Puppeteer officially supports running from a browser context. The automation commands go to a separate browser with an open debugging port. This requires the user to have Chrome DevTools open, so it's a power-user feature, not a default path.

Local LLM Connection (Ollama)¶

How it works¶

User has Ollama installed locally (one-time setup)
Ollama runs at http://localhost:11434
User sets OLLAMA_ORIGINS="*" for CORS
Agent detects Ollama via fetch('http://localhost:11434/api/tags')
If available, agent uses local LLM for enhanced features

API (OpenAI-compatible)¶

// Check Ollama availability
const available = await fetch('http://localhost:11434/api/tags')
  .then(r => r.ok).catch(() => false);

// Chat completion
const response = await fetch('http://localhost:11434/v1/chat/completions', {
  method: 'POST',
  body: JSON.stringify({
    model: 'llama3.2',
    messages: [{ role: 'user', content: 'Summarize this text...' }]
  })
});

What Ollama enables¶

Without Ollama	With Ollama
Whisper transcribes audio	+ LLM summarizes transcript
Background removal works	+ LLM describes the removed object
OCR extracts text	+ LLM answers questions about the document
Translation works	+ LLM adapts tone/formality
Code linting finds issues	+ LLM suggests fixes

Ollama is a power-user enhancement, not a requirement.
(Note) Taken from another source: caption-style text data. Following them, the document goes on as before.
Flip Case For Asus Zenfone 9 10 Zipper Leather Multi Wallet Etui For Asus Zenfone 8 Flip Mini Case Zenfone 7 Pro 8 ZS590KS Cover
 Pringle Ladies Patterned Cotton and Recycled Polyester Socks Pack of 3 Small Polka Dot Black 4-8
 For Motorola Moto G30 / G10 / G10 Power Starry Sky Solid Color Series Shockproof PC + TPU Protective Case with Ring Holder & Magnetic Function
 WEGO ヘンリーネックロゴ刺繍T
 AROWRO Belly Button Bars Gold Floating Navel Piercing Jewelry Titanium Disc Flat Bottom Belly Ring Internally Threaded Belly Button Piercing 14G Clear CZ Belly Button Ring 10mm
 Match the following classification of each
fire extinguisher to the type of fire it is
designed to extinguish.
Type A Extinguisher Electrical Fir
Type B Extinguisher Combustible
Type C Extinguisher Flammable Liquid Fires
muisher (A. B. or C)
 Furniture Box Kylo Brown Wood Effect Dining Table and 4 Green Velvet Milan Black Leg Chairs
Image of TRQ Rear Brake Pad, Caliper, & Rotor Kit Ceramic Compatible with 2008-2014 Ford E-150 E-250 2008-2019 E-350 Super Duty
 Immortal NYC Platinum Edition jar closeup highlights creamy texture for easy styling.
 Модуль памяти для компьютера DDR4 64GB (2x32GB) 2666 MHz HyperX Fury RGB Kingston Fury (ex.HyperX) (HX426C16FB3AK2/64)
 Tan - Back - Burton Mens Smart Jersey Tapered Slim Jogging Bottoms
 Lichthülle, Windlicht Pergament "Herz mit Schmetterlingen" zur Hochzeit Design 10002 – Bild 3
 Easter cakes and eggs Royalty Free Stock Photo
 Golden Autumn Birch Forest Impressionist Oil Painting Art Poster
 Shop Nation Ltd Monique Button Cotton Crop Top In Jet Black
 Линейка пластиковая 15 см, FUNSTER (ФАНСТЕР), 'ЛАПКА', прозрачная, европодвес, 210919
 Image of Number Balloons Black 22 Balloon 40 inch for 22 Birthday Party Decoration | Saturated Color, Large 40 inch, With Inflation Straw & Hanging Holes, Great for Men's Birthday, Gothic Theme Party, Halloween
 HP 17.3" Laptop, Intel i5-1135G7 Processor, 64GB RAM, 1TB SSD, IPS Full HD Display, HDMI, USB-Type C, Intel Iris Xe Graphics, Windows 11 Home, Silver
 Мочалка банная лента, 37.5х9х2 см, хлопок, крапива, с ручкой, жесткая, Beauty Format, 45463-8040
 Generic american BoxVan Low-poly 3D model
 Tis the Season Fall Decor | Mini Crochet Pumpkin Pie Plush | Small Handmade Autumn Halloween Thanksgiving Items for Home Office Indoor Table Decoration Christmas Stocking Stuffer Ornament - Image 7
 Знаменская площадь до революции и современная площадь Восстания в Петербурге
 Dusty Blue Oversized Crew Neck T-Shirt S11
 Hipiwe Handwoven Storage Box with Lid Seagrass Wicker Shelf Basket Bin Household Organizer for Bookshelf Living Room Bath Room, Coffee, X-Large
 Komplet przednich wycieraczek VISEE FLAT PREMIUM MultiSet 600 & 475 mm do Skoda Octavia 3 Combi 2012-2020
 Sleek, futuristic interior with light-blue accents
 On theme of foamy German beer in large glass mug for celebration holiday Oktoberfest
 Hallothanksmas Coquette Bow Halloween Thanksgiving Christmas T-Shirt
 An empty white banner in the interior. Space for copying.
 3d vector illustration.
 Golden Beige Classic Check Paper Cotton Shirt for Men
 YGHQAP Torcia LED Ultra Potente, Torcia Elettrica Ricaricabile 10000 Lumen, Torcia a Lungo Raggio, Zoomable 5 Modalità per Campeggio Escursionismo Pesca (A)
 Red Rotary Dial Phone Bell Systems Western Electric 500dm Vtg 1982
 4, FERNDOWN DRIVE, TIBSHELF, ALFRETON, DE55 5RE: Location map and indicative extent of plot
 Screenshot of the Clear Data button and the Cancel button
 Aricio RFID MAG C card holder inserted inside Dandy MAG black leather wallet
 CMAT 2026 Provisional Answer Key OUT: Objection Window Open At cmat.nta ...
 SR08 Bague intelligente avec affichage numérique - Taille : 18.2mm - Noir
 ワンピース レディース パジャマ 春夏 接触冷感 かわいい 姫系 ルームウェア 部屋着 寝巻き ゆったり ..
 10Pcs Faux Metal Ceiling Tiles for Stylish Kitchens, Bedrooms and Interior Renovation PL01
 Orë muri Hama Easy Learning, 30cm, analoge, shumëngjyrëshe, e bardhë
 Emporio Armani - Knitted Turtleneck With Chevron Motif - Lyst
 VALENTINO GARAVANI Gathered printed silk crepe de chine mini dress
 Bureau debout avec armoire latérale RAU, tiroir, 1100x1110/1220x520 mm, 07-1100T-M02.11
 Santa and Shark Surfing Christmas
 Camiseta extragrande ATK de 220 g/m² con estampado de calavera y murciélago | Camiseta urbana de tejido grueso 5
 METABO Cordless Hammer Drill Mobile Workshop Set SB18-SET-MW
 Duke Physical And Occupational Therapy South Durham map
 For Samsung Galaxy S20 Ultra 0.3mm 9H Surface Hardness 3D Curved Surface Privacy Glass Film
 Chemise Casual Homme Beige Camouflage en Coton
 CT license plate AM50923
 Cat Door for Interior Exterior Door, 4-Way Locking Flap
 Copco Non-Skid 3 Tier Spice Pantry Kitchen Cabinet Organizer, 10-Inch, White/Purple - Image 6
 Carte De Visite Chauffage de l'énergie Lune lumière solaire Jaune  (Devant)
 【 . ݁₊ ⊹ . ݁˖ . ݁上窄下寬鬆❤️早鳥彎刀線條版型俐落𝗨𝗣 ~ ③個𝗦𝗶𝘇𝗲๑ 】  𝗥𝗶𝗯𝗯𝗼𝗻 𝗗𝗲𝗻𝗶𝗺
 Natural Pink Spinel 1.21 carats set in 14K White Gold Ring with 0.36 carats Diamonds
Every agent must work without it.

Storage & Persistence¶

API	Use case	Capacity	Persistence
Cache Storage	Model files	Unlimited*	Survives restarts
IndexedDB	Structured results, history	Unlimited*	Survives restarts
OPFS	Large file processing	Unlimited*	Survives restarts
localStorage	Small settings	5-10MB	Survives restarts
File System Access	Read/write user's local files	User-granted	Session-based
Clipboard API	Copy results	N/A	N/A

*"Unlimited" = browser-managed, typically multiple GB before the browser prompts the user.

Offline capability¶

With Service Workers, agents can:

Cache the app shell (HTML/JS/CSS)
Cache the AI model
Run entirely offline after first load
Sync results when back online

This is better than any cloud-based agent tool.